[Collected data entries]
▬▬▬

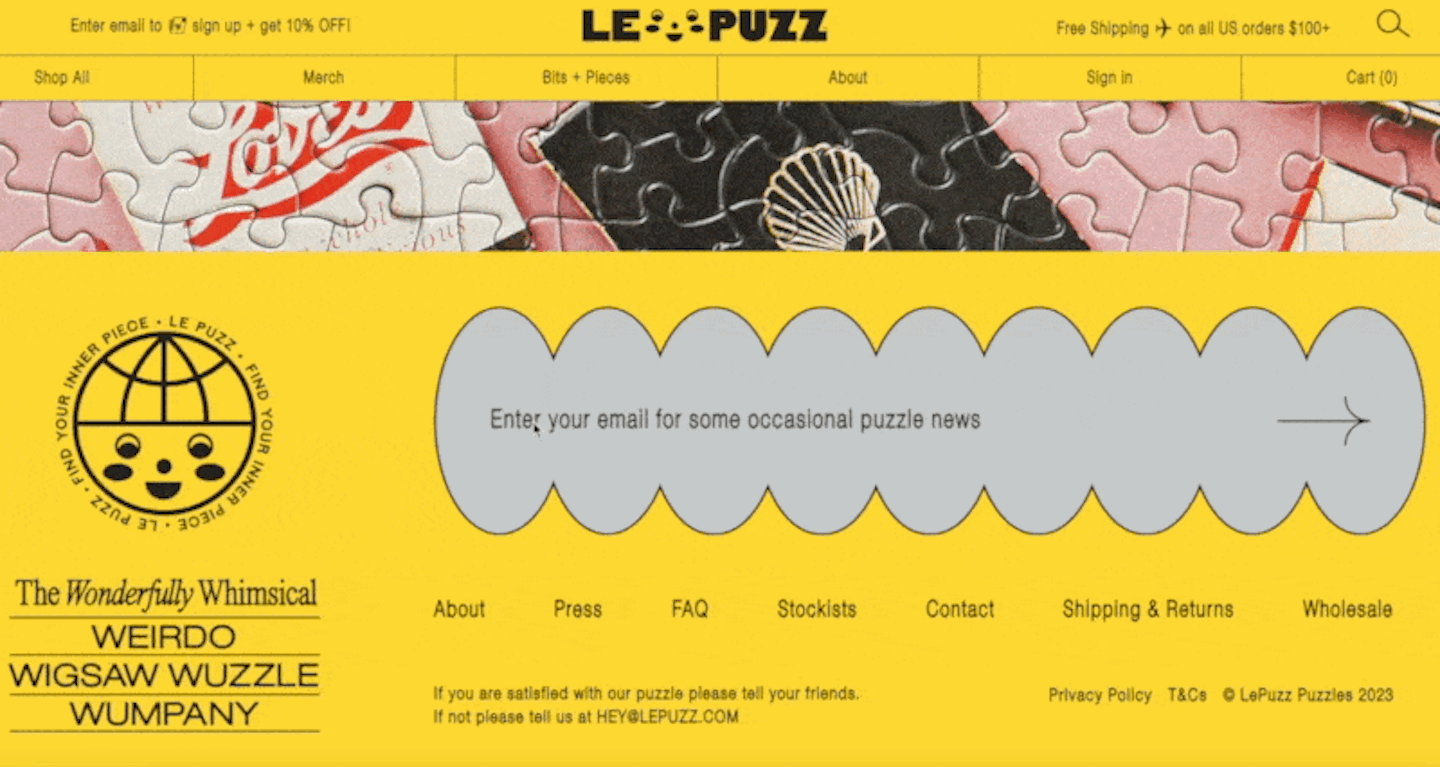 newsletter sign up example - le puzz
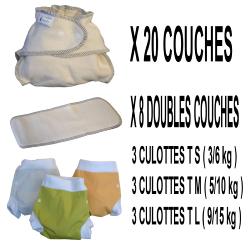 Confort Pack  0-3 ans, 20 couches lavables Modulo Bio - 3 x 3 Lulu Boxer - mixte - Sac de Transport OFFERT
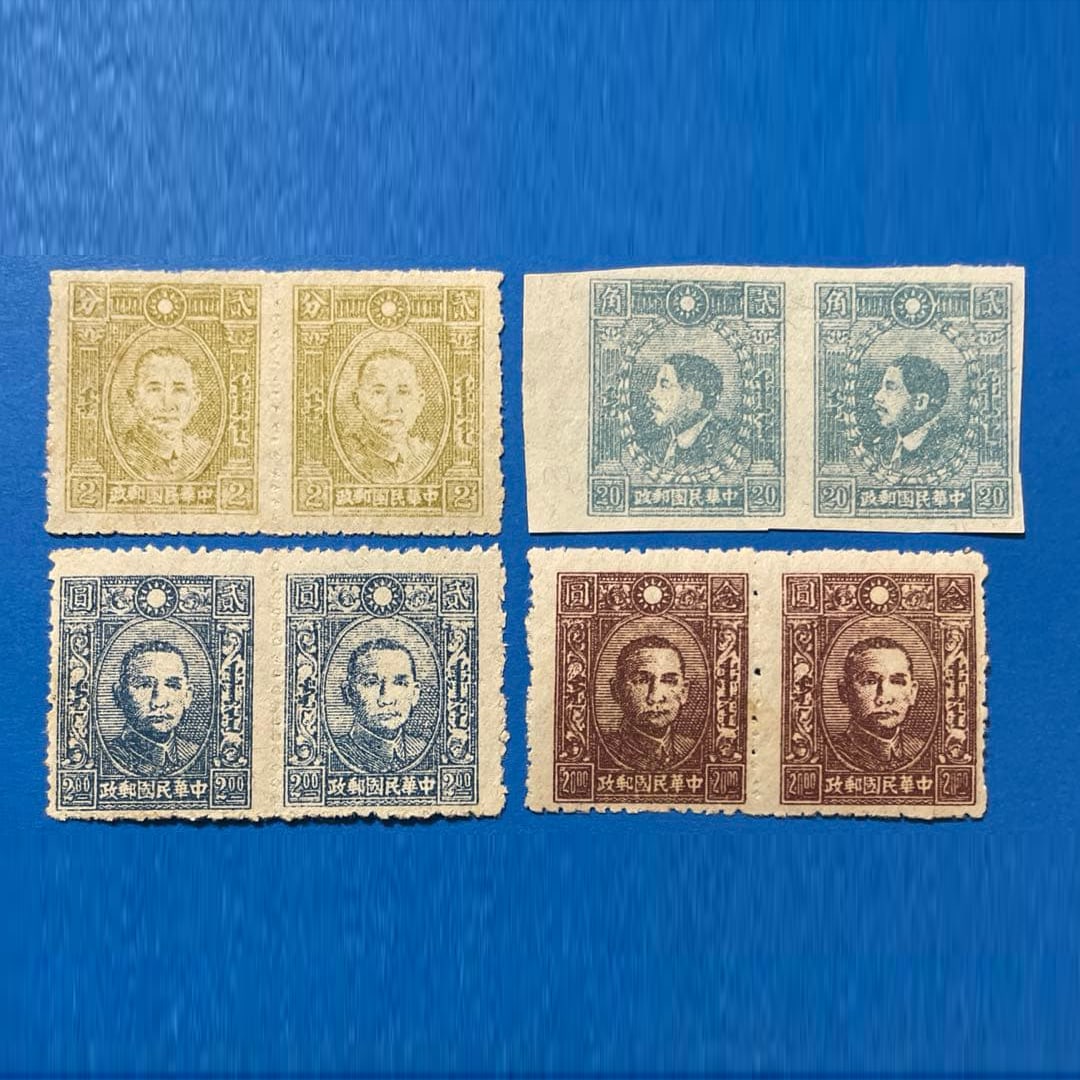 Chinese Old Stamps, Changchun Edition, Mongolia (Forged Original Mongolian Stamps) (Unused, 4 Pairs) (1 of 6)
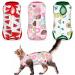 3 Pieces Cat Recovery Suit Kitten Recovery Suit E-Collar Alternative for Cats and Dogs Abdominal Skin Anti Licking Pajama Suit Multi Style Medium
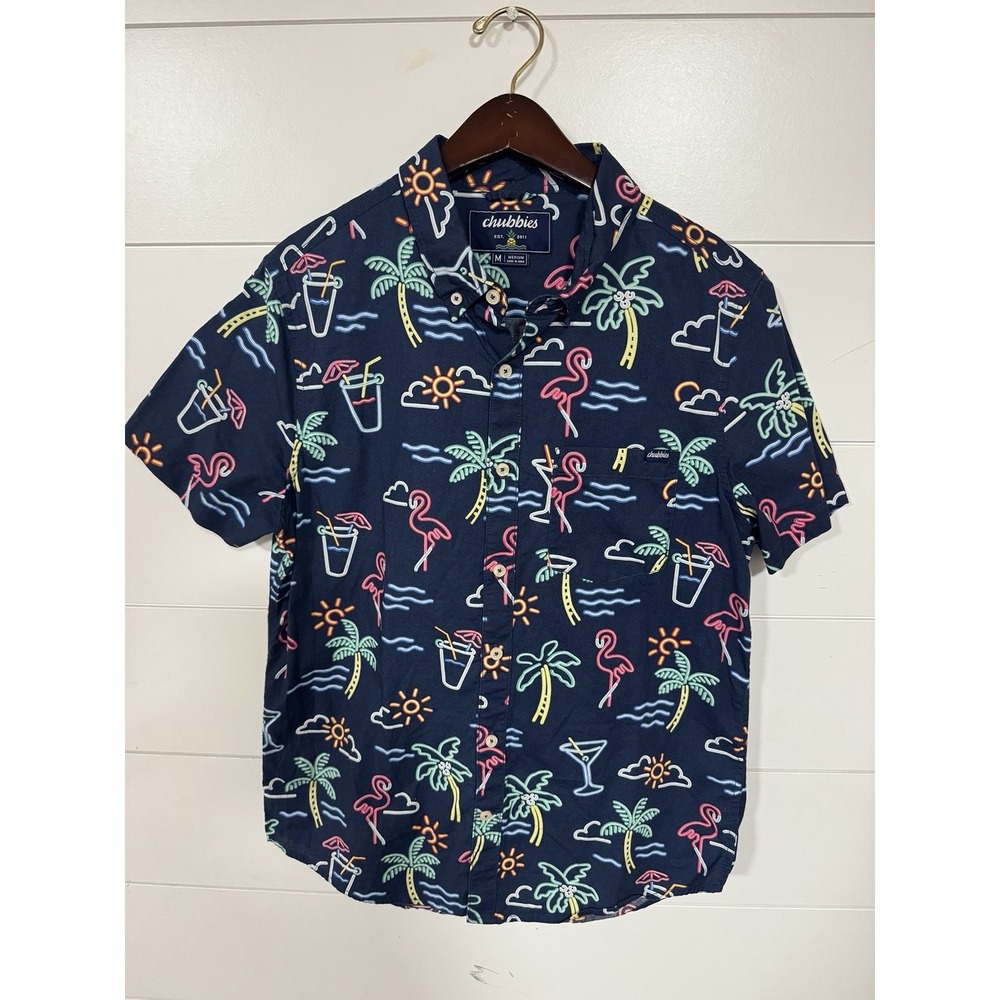 Chubbies Mens Neon Lights Button Up Short Sleeve Shirt Medium Tropical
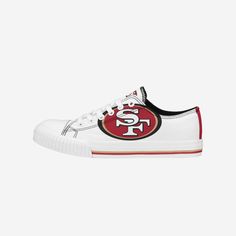 San Francisco 49ers Womens Big Logo Low Top White Canvas Shoes FOCO 6 - FOCO.com White Mid-top Throwback Sneakers, White Low-top Custom Sneakers With Fade Resistance, White Custom Sneakers For Sports Season, Custom White Sneakers For Sports Season, Throwback Basketball Shoes For Sports Season, White Throwback High-top Custom Sneakers, White Throwback Custom Sneakers For Sports, White Low-top Athletic Fit Basketball Shoes, White Athletic Fit Low-top Basketball Shoes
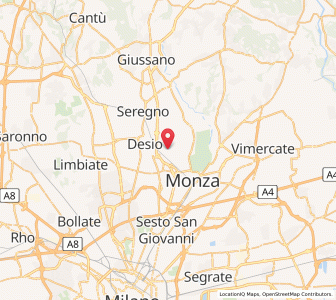 Map of Lissone, Lombardy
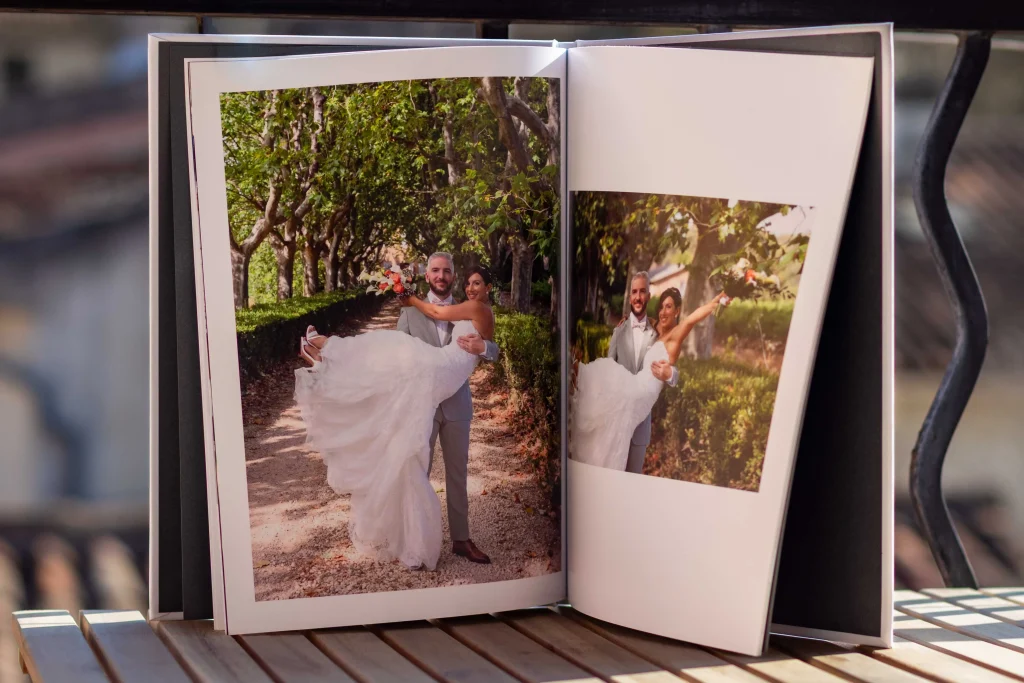 Example of a hardcover wedding album layout with a portrait couple photo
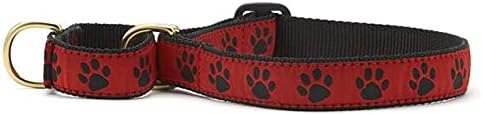 Up Country Red & Black Paws Martingale Dog Collar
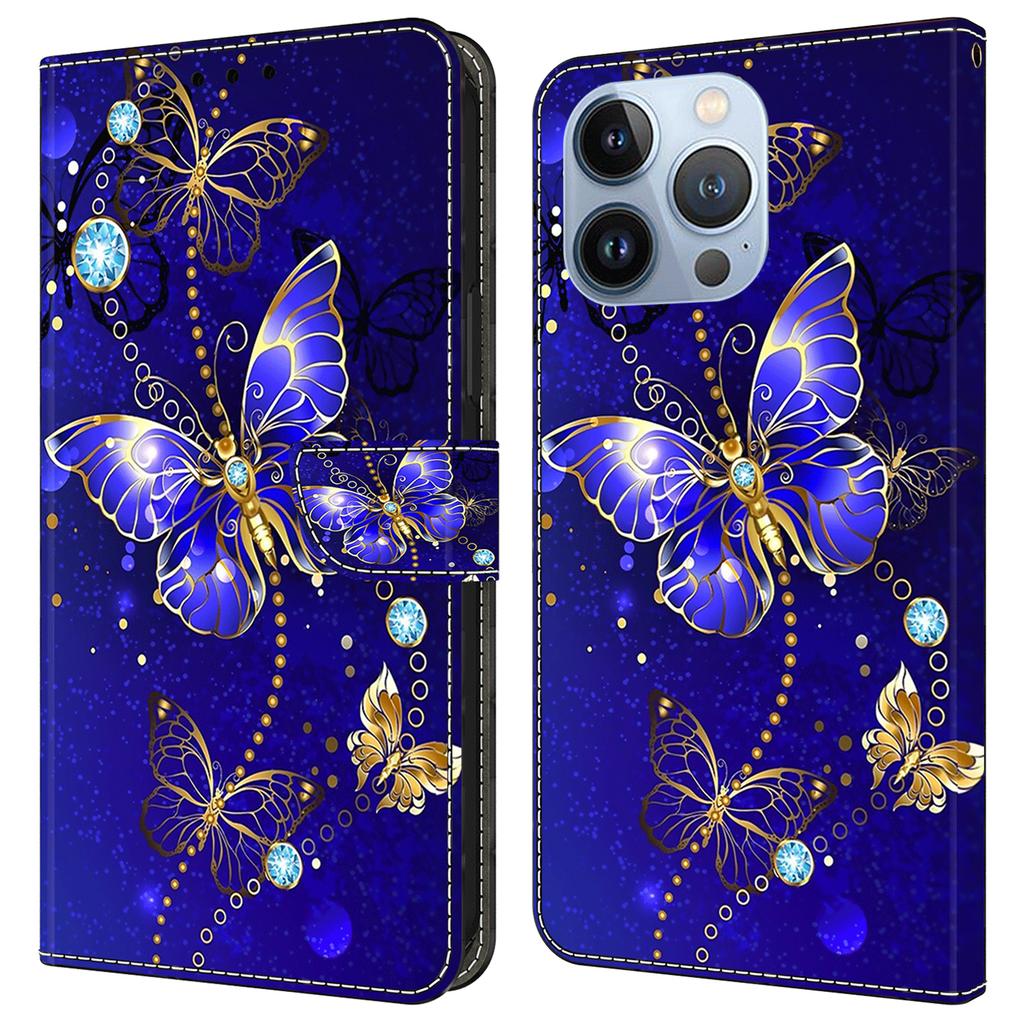 For iPhone 16 Pro Case 3D Pattern PU Leather Wallet Phone Cover with Stand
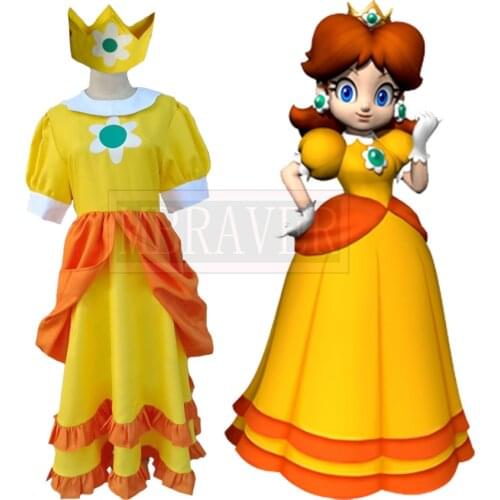 Princess Daisy Girls Cute Lolita Dress Fancy Halloween Costumes Cosplay Custom Made Free Shipping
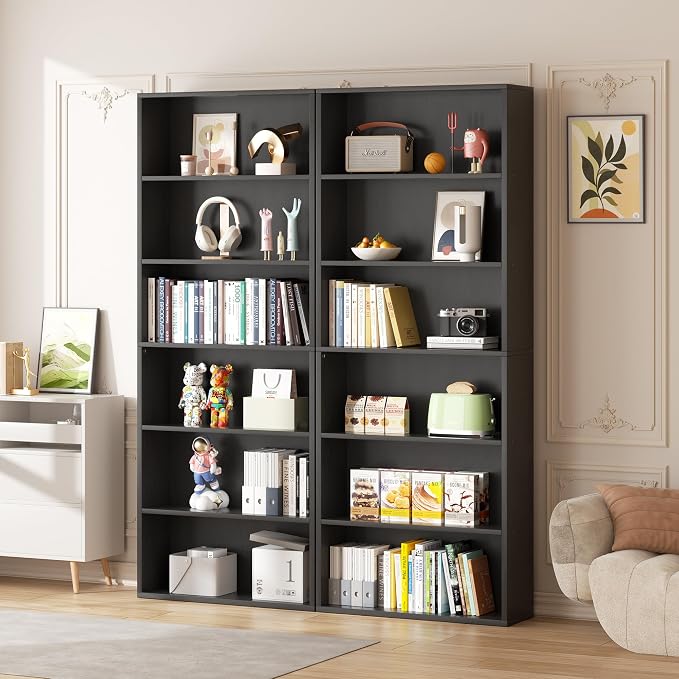 Vongrasig 6-Tier Open Bookcase and Bookshelf, Floor Standing Wood Display Storage Shelves 71 Inch Tall Bookcase Home Decor Furniture for Home Office, Living Room, Bed Room, Black, 2 Pieces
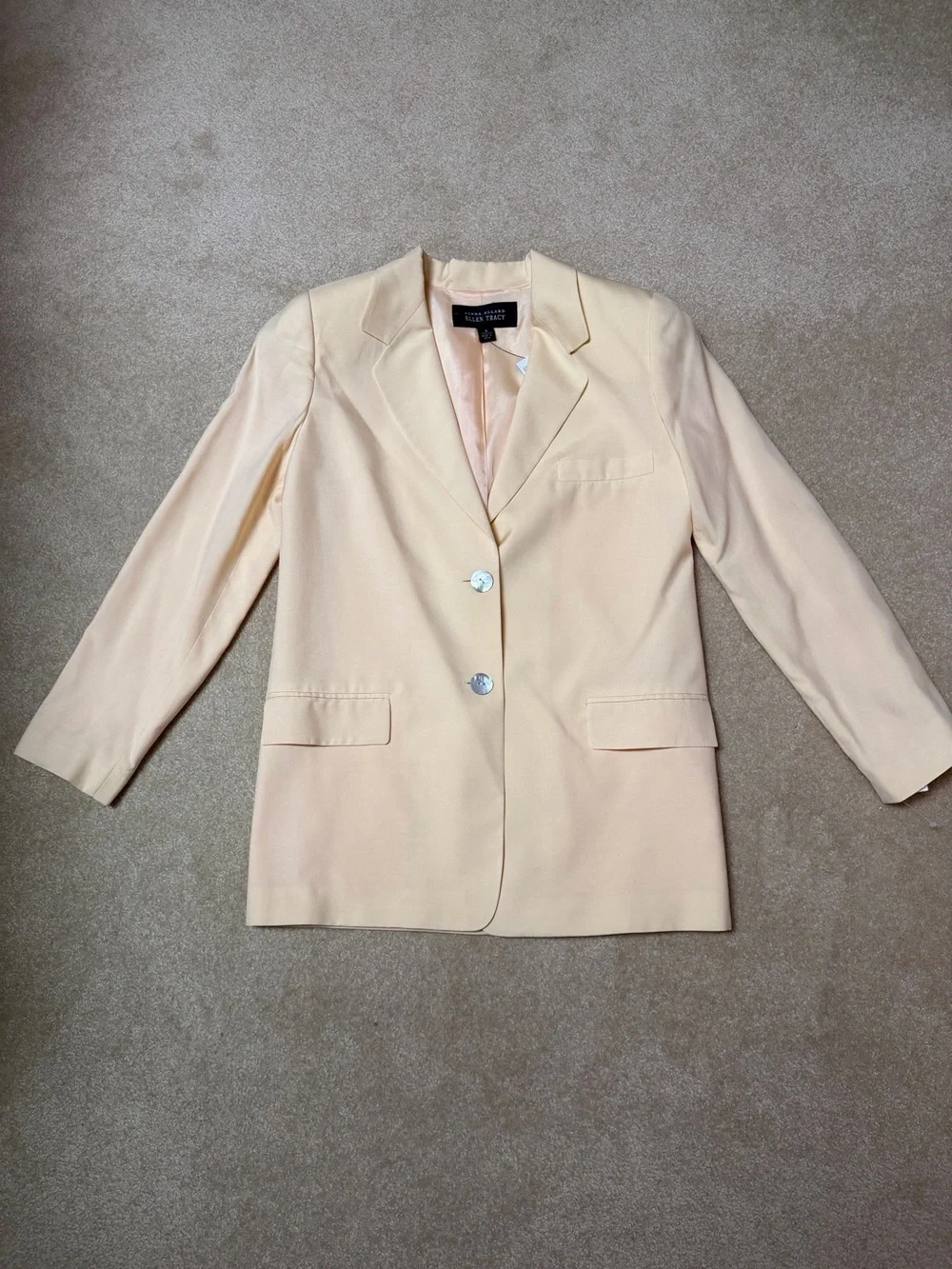 Linda Allard for Ellen Tracy Pale Lemon (Yellow) Jacket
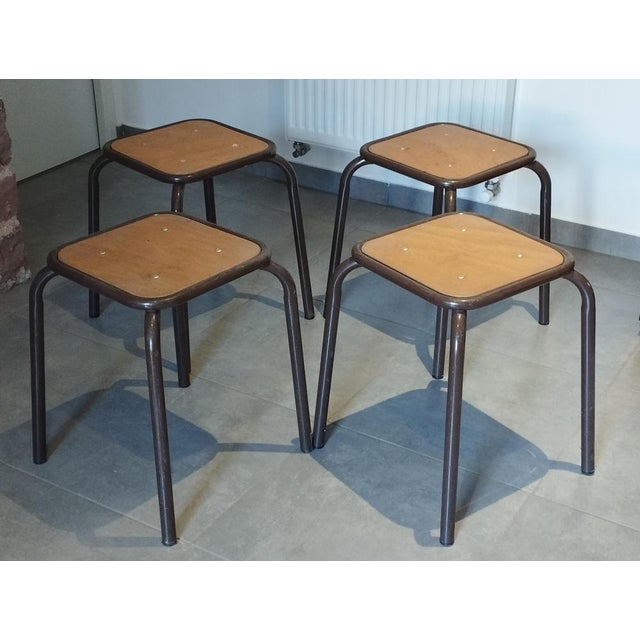 Vintage Industrial Stackable Bar Stools from Mullca, France, 1950s, Set of 4 For Sale - Image 10 of 18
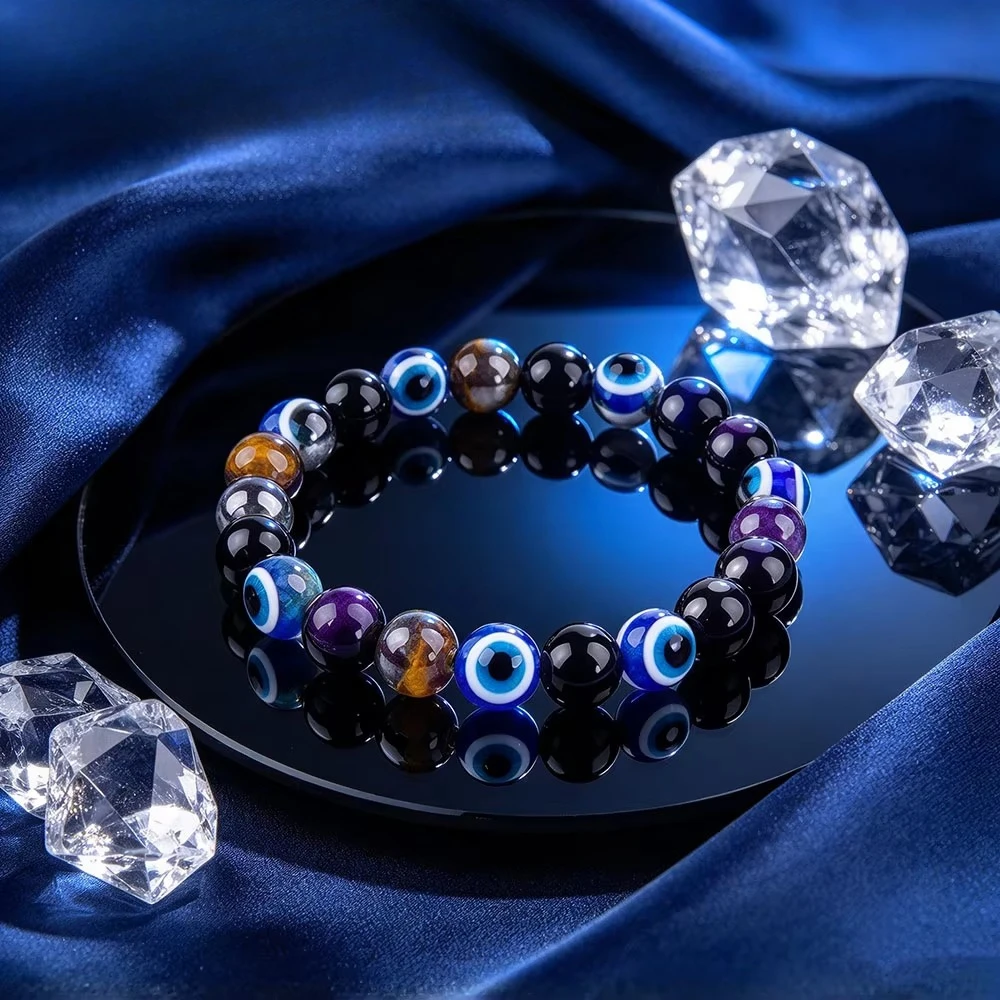 Exquisite natural stone bracelet - Bestows wealth and protects health. Obsidian tiger eye bracelet for both men and women.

▬▬▬

◆ What the task asks
Copy the data above word for word. Pictures stay out.

◆ Answer to the problem
 newsletter sign up example - le puzz
 Confort Pack  0-3 ans, 20 couches lavables Modulo Bio - 3 x 3 Lulu Boxer - mixte - Sac de Transport OFFERT
 Chinese Old Stamps, Changchun Edition, Mongolia (Forged Original Mongolian Stamps) (Unused, 4 Pairs) (1 of 6)
 3 Pieces Cat Recovery Suit Kitten Recovery Suit E-Collar Alternative for Cats and Dogs Abdominal Skin Anti Licking Pajama Suit Multi Style Medium
 Chubbies Mens Neon Lights Button Up Short Sleeve Shirt Medium Tropical
 San Francisco 49ers Womens Big Logo Low Top White Canvas Shoes FOCO 6 - FOCO.com White Mid-top Throwback Sneakers, White Low-top Custom Sneakers With Fade Resistance, White Custom Sneakers For Sports Season, Custom White Sneakers For Sports Season, Throwback Basketball Shoes For Sports Season, White Throwback High-top Custom Sneakers, White Throwback Custom Sneakers For Sports, White Low-top Athletic Fit Basketball Shoes, White Athletic Fit Low-top Basketball Shoes
 Map of Lissone, Lombardy
 Example of a hardcover wedding album layout with a portrait couple photo
 Up Country Red & Black Paws Martingale Dog Collar
 For iPhone 16 Pro Case 3D Pattern PU Leather Wallet Phone Cover with Stand
 Princess Daisy Girls Cute Lolita Dress Fancy Halloween Costumes Cosplay Custom Made Free Shipping
 Vongrasig 6-Tier Open Bookcase and Bookshelf, Floor Standing Wood Display Storage Shelves 71 Inch Tall Bookcase Home Decor Furniture for Home Office, Living Room, Bed Room, Black, 2 Pieces
 Linda Allard for Ellen Tracy Pale Lemon (Yellow) Jacket
 Vintage Industrial Stackable Bar Stools from Mullca, France, 1950s, Set of 4 For Sale - Image 10 of 18
 Exquisite natural stone bracelet - Bestows wealth and protects health. Obsidian tiger eye bracelet for both men and women.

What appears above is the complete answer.